Ordinary Life

What’s it about?

This is a collection of short stories, celebrating, well, ordinary life, which I believe is never ordinary at all. The title story, my favorite, features a 79-year old woman who locks herself up in the bathroom intending not to come out for a week or so. She has some food, some magazines, and pillows and blankets for sleeping in the tub. Her husband Al is beside himself at first, but then cooperates with her, at least to some extent. She uses the time for that rarest of things, simply thinking, without interruption.

Other stories feature a thief who robs a woman of something entirely unexpected, a woman who asks her husband to take a quiz with her and gets more information than she bargained for, and “Martin’s Letter to Nan,” a response from the husband in another novel called The Pull of the Moon.
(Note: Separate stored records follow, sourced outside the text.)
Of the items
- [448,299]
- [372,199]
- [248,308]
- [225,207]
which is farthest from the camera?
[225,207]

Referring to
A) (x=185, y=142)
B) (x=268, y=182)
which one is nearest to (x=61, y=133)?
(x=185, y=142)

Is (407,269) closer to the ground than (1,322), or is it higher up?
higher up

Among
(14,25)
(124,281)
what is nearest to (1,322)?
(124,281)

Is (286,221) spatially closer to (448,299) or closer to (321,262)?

Whenever I write a story, I’m never sure how it will turn out. So this book is a collection of what ifs, where I take an idea or a character and just see where it goes.

Ordinary Life book cover
Random House – 2001

What was the inspiration?

Whenever I write a story, I’m never sure how it will turn out. So this book is a collection of what ifs, where I take an idea or a character and just see where it goes.

Excerpt

“Mavis washes her face, brushes her teeth, then sits down at the edge of the tub with the box of Wheat Thins. She’d like a cup of coffee; she can smell it from Al having made it earlier. But if she goes out into the rest of the house, she’ll lose what she’s started here. She’ll see the dust on the coffee table, the morning paper lying messy on the kitchen table. The phone will ring, and she’ll answer it. No. She will stay here.”